In Sicilia questa emergenza è particolarmente evidente. Il Mediterraneo, per vocazione turistica e commerciale, è tra i mari più a rischio del mondo. Stando alle ultime rilevazioni effettuate da Goletta Verde nell’estate del 2016, rivelate lo scorso settembre a Palermo, la densità dei rifiuti riscontrata per l’intera area indagata è stata di 58 rifiuti per ogni kmq di mare. “Una densità – si legge nel comunicato – che arriva praticamente al doppio (più di 100 rifiuti al kmq) in Sicilia, dove è stato monitorato il tratto di navigazione tra Capo d’Orlando e Tindari (Me)”. Tramite il supporto dell’Ispra, Legambiente ha anche monitorato “il tratto di mare dell’Isola di Lipari dove sono stati registrati 102 micro particelle di plastica per 1000 metri cubi di acqua”.

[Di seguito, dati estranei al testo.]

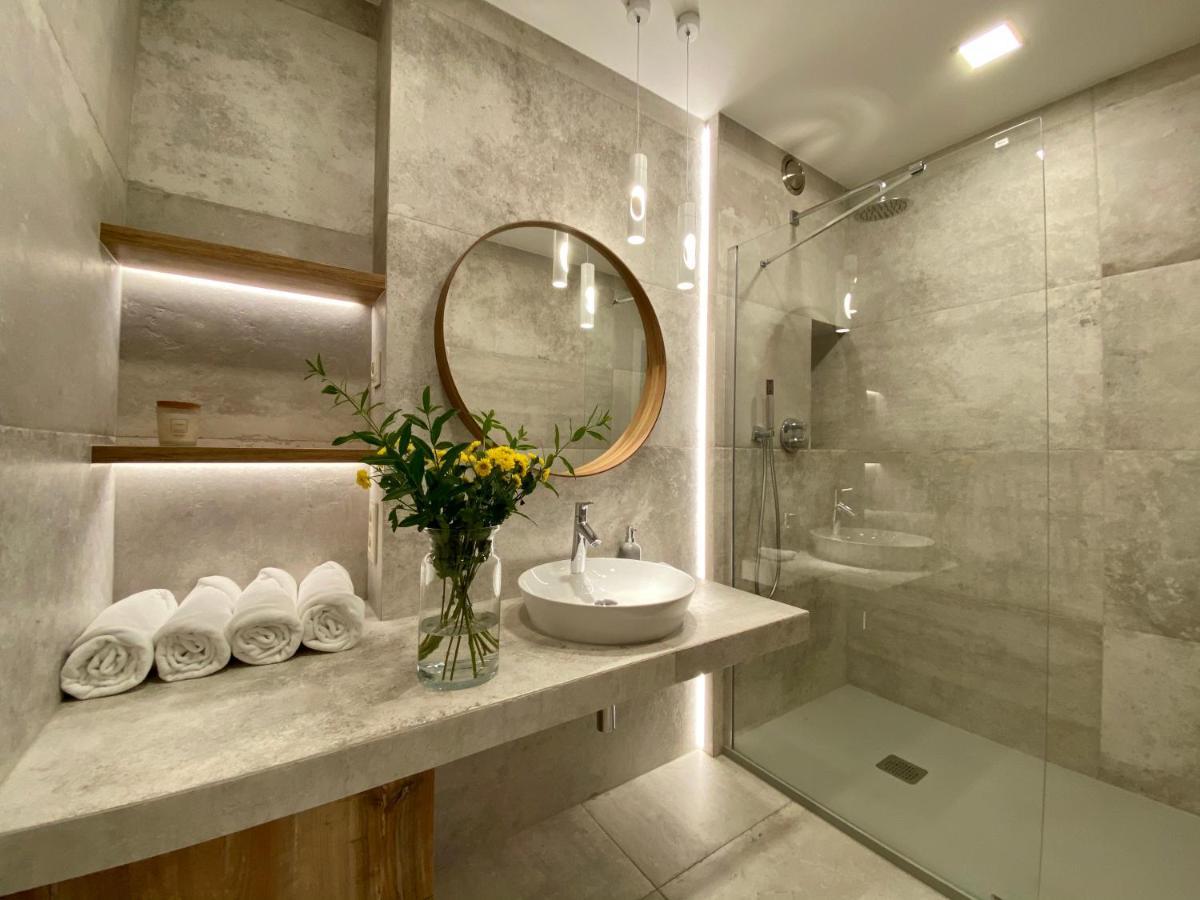 Aravel Suites Wrocław Extérieur photo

Secondo uno studio del Centro comune di ricerca della Commissione europea, ci sono circa 250 miliardi di micro particelle di plastica che galleggiano nel Mediterraneo ed è proprio la plastica ad avere il più elevato impatto dannoso diretto e indiretto sull’ambiente marino, coinvolgendo la fauna marina che ha solo il 20% di probabilità di salvarsi quando viene intrappolata. E molti altri vengono “debilitati, mutilati e uccisi da rifiuti marini”.
 


Ma è nel mare l’occasione per la ripresa economica
 
PALERMO – Il Mediterraneo è una grande opportunità. In Europa si chiama “blue growth” e fa parte di una strategia di lungo termine che si collega alla crescita sostenibile dei settori legati al mare e al suo indotto. Stime comunitarie dicono che attualmente questo vasto sistema coinvolge 5,4 milioni di persone e produce 500 miliardi di valore aggiunto all’anno. I mari non vanno tenuti in naftalina, perché, come si legge sul portale dedicato dell’Ue, “rappresentano un motore per l’economia europea, con enormi potenzialità per l’innovazione e la crescita”.
Il V Rapporto sull’Economia del Mare, pubblicato nel 2016 da Unioncamere, ha identificato  nel Mezzogiorno e nel Centro Italia “le due macro-ripartizioni a più alta concentrazione di imprese della blue economy, con un’incidenza del 4,0% e del 4,1% sui rispettivi totali imprenditoriali regionali (in valori assoluti sono 79.989 le imprese dell’economia del mare nel Mezzogiorno e 53.901 quelle nel Centro)”.
In Sicilia l’incidenza delle imprese dell’economia del mare sul totale dell’economia della regione vale il 4,6%, cioè 20.755 aziende che operano all’interno del settore. È il quarto dato in valore assoluto che vale circa 3,9 miliardi di euro con un’incidenza del 5,1% sul totale dell’economia (dati Uniocamere 2015) per 110 mila occupati (7,4% del totale isolano).
Numeri che potrebbero crescere. Lo ha scritto l’Ispra nel rapporto “Una valutazione economica degli ecosistemi marini e un’analisi di scenario economico al 2020” che vede Sicilia e Sardegna tra le regioni più propense alla crescita, ma senza cura per la sostenibilità non si potrà da nessuna parte.